Existem benefícios relacionados à mãe, ao bebê e à família.

Para a mãe – esses me chamaram muito a atenção! Alguns são comumente conhecidos, mas outros, que considerei ainda melhores, são pouco divulgados. Vamos lá: 
  • Ajuda na perda daqueles quilinhos que sobram depois do parto. No meu caso, senti muitoooo esse benefício. Perdi 23 kg em cerca de 6 meses! 10 foram no parto, mas o restante foi amamentando o meu tourinho! Rs
  • Contribui para o útero voltar ao tamanho normal, diminuindo o risco de anemia e hemorragia. Nas primeiras mamadas sentimos uma cólica bem chatinha, seguida por sangramento. Isso acontece porque a amamentação faz o útero contrair, ainda que doa um pouco no começo, é uma coisa excelente um pouco mais tarde
  • Reduz o risco de diabetes e doenças cardíacas – as chamadas doenças metabólicas – esse estudo foi publicado pela American Journal of Obstetrics, mesmo em mães que tiveram diabetes gestacional (essa é novidade para mim! Achei fantástico!);
  • Reduz o risco de câncer de mama e de ovário (excelentes também!);
  • Reduz o risco de Osteoporose, assim como fraturas;
  • Diminui o risco de artrite reumatoide;

 Para o bebê –
  • Serve como proteção contra infecções (gastroenterites, doenças respiratórias, infecções urinárias e otite);
  • Reduz o risco de o bebê desenvolver doenças como diabetes e leucemia (achei fantástica essa informação – novidade para mim também!)
  • Diminui a tendência a alergias, tal como asma e dermatite.
  • Se, durante o período que estiver amamentando, a mãe produzir outros anticorpos (tomando uma vacina, tendo contato com algum vírus ou bactéria nova, etc.) eles irão para o bebê através do leite, e ele também ficará protegido.
  • É o alimento mais completo e que melhor atende às necessidades do seu bebê até os 6 meses! Nos primeiros dias recebe o colostro, mais amareladinho, que tem uma função específica – é a única substância capaz de eliminar todos os resíduos de mecônio (o primeiro cocô do bebê) do trato gastrointestinal do bebê, ajudando o intestino a amadurecer e funcionar de maneira eficiente, além de prevenir o aparecimento de alergias, infecções e diarreia, pelo adequado controle e equilíbrio das bactérias que se desenvolvem no seu intestino. É rico em vitamina A, o que ajuda a prevenir infecções e proteger os olhos.

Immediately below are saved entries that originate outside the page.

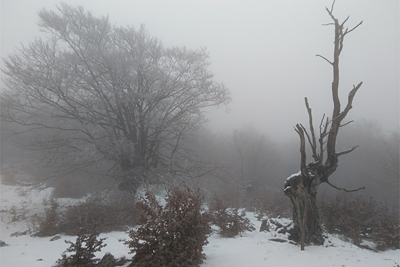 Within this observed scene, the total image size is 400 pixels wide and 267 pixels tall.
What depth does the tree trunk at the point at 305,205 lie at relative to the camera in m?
6.23

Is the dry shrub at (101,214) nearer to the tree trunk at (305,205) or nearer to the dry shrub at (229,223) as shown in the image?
the dry shrub at (229,223)

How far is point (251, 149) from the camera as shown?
29.9 metres

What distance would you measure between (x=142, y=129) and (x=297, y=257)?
32.6 feet

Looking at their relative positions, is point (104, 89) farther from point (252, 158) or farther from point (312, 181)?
point (252, 158)

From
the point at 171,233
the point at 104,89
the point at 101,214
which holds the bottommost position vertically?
the point at 101,214

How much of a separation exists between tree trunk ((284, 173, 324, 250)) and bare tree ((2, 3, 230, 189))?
570cm

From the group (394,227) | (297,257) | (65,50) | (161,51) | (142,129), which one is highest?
(161,51)

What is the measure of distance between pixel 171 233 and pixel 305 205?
11.6ft

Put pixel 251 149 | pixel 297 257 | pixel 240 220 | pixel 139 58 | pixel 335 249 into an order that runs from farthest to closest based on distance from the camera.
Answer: pixel 251 149
pixel 139 58
pixel 240 220
pixel 335 249
pixel 297 257

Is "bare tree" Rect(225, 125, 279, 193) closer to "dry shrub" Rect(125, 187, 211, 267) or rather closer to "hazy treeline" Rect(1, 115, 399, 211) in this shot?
"hazy treeline" Rect(1, 115, 399, 211)

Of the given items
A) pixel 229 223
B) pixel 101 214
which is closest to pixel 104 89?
pixel 101 214

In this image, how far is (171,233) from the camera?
438 cm

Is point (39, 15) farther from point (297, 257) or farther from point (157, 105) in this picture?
point (297, 257)

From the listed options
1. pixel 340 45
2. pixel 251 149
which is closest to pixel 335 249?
pixel 340 45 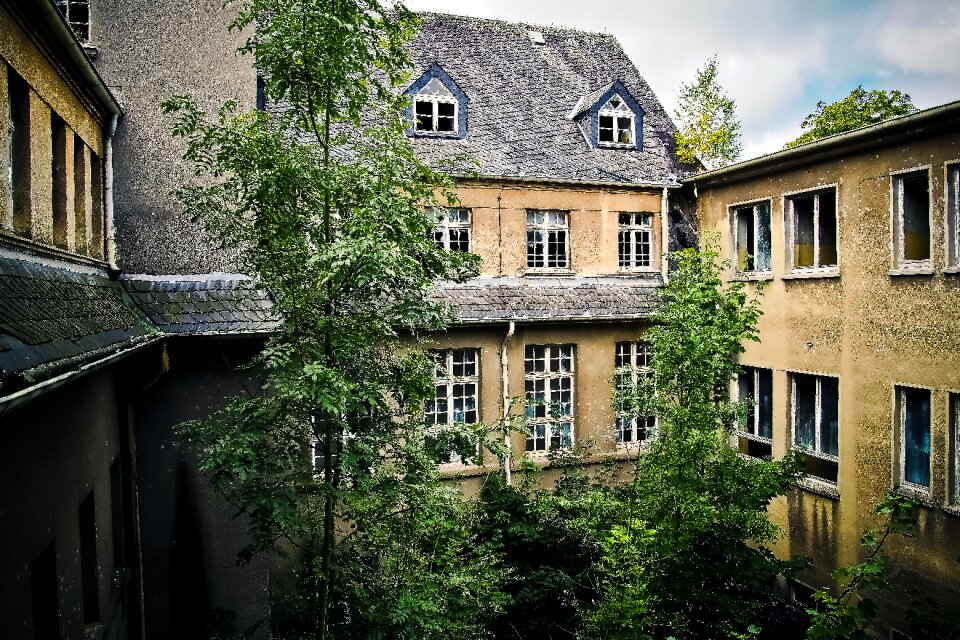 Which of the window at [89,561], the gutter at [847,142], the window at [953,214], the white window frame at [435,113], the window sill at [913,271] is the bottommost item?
the window at [89,561]

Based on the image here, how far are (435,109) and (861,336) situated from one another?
32.0 feet

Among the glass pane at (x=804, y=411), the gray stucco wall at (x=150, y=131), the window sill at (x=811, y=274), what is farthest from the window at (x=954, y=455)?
the gray stucco wall at (x=150, y=131)

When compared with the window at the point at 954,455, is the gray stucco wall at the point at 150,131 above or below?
above

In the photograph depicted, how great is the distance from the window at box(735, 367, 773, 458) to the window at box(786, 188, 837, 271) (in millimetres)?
2377

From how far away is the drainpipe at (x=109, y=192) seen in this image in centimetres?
775

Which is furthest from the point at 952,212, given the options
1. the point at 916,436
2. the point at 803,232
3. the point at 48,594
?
the point at 48,594

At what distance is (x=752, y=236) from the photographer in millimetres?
13734

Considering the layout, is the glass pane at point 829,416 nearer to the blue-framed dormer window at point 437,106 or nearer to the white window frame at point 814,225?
the white window frame at point 814,225

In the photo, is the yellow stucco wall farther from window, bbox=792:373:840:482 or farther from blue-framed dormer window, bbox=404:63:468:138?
blue-framed dormer window, bbox=404:63:468:138

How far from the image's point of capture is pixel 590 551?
10484 millimetres

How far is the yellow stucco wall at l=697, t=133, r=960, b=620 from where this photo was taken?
955 centimetres

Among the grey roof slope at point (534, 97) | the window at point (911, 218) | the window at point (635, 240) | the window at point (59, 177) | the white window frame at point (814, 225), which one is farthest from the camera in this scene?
the window at point (635, 240)

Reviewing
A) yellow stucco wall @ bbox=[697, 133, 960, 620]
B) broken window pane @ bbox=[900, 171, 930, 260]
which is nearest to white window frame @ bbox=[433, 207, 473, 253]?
yellow stucco wall @ bbox=[697, 133, 960, 620]

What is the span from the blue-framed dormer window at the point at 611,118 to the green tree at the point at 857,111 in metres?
9.51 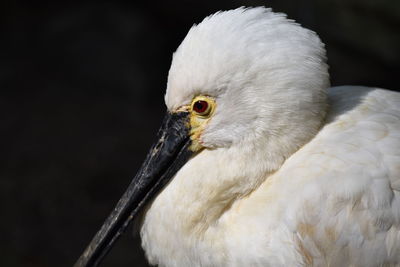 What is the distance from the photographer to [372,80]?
626cm

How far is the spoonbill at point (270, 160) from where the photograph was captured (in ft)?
10.3

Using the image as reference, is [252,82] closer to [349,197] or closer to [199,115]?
[199,115]

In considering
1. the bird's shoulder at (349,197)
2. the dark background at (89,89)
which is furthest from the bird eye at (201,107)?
the dark background at (89,89)

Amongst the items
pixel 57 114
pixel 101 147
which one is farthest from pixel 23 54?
pixel 101 147

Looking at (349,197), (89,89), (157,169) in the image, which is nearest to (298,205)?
(349,197)

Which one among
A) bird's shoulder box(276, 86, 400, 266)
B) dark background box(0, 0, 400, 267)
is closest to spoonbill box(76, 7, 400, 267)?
bird's shoulder box(276, 86, 400, 266)

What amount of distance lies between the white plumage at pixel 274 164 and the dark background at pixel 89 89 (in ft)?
8.33

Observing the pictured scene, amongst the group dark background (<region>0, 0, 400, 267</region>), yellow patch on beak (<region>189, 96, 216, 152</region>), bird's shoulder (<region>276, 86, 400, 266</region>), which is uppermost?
yellow patch on beak (<region>189, 96, 216, 152</region>)

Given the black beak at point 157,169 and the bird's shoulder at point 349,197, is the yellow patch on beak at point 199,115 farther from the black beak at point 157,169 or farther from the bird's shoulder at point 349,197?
the bird's shoulder at point 349,197

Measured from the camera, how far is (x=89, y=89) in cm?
749

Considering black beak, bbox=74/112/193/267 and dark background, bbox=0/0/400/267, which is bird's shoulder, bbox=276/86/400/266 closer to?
black beak, bbox=74/112/193/267

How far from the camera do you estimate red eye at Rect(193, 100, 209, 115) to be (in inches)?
129

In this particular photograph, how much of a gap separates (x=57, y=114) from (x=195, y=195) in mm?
4168

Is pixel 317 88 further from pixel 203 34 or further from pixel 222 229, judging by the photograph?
pixel 222 229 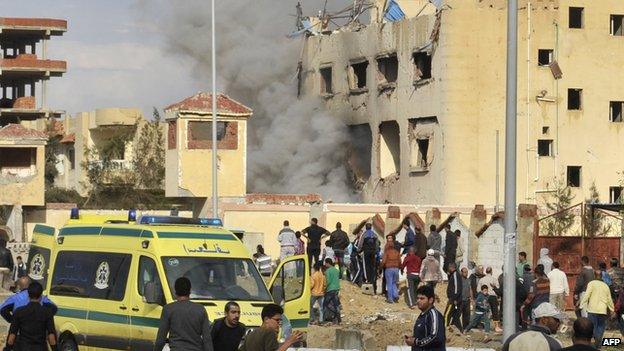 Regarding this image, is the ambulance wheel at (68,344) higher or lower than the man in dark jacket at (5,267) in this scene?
lower

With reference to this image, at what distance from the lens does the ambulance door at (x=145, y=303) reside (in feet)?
61.6

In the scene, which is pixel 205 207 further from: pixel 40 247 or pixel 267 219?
pixel 40 247

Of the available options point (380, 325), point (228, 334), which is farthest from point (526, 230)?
point (228, 334)

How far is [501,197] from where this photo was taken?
193 feet

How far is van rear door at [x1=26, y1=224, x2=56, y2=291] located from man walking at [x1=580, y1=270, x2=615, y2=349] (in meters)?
9.11

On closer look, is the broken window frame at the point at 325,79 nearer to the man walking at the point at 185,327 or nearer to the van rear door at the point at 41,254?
the van rear door at the point at 41,254

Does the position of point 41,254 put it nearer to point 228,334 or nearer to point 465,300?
point 228,334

O colostro dura cerca de 15 dias, e aos poucos vai se transformando no leite normal. Nos primeiros minutos da mamada (de 3 a 5), o leite tem maior concentração de água, para matar a sede, e o restante tem uma concentração maior de gordura, que irá alimentar e ajuda-lo a ganhar peso! (Fantástico, né?);
  • É o alimento de melhor digestão já que foi “fabricado” para o bebê pelas mãos mais habilidosas que existe – as de Deus! Criança que tomam LA tem mais chance de sentir cólicas já que a base dele é leite de vaca;
  • O exercício de sucção traz muitos benefícios para a saúde do bebê – contribui para dentes bonitos, estimula o desenvolvimento da fala e ajuda a ter uma boa respiração, diminuindo o risco de doenças respiratórias;
  • Reduz o risco de obesidade! (queria ter mamado mais tempo no peito, quem sabe, né? Rs);
  • Previne anemia;
  • Amamentar por mais de 6 meses faz bem à saúde mental da infância à adolescência, segundo estudo coordenado pela Universidade do Oeste da Austrália. Segundo os pesquisadores, substâncias presentes no leite (como a leptina) ajudam a combater o estresse. O contato e o vínculo entre mãe e filho promovido pelo aleitamento também têm um efeito positivo no desenvolvimento psicológico da criança. (Uauuuuuu! Mais um benefício para o resto da vida!);
  • Quando o ômega 3 está presente no leite materno, o que varia de mulher para mulher de acordo com sua alimentação, ele ajuda no desenvolvimento e crescimento dos prematuros nos primeiros meses de vida (atenção mães de prematuros!);
  • Pode ajudar seu filho a ter melhor desempenho nos estudos e aumentar a chance de ele frequentar uma faculdade, segundo uma pesquisa norte-americana. Eles analisaram o desempenho escolar de 126 irmãos de 59 famílias. O resultado sugeriu que aquele que recebeu um mês a mais de leite materno apresentou aumento de 0,019 pontos na média de pontuação no ensino médio e aumento de 0,014 na probabilidade de cursar o ensino superior (Dá para acreditar nisso?);
  • O leite humano é rico em ácidos gordos essenciais, imprescindíveis para o crescimento do cérebro e para a retina, contribuindo para vantagens cognitivas e de visão.
  • Redução de S. Morte Súbita;
  • Menor probabilidade de linfoma, leucemia, doença de Hodgkin;
  • Melhor resposta às vacinas;
  • Quando doente, traz alivio e conforto, ajuda a hidratar e a recuperar mais depressa;

Geral – coisas que beneficiam a todos
  • Conveniência – as mães que usam mamadeira sabem do trabalho que tem quando precisam dá-la nas madrugadas ou quando saem de casa. Ainda mais aquelas que acostumaram a dar a mamadeira quentinha (sim, porque se você ensinar que o leite tem que ser quentinho, seu filho só vai querer assim! Se ensiná-lo a tomar na temperatura ambiente, ficará muito mais fácil para você).  No peito, o leitinho está sempre pronto, na proporção correta e quentinho!
  • Custo – não há! È o alimento mais completo que seu bebê poderá receber até os 6 meses, e você não precisará pagar um centavo por isso. O LA ou fórmulas são, em geral, produtos bem caros. No meu caso, meu filho mamava demais, então, se fosse dar LA estaria falida!
  • Custo 2 – se as crianças e a mãe ficam menos doentes, gasta-se menos com médicos e remédios!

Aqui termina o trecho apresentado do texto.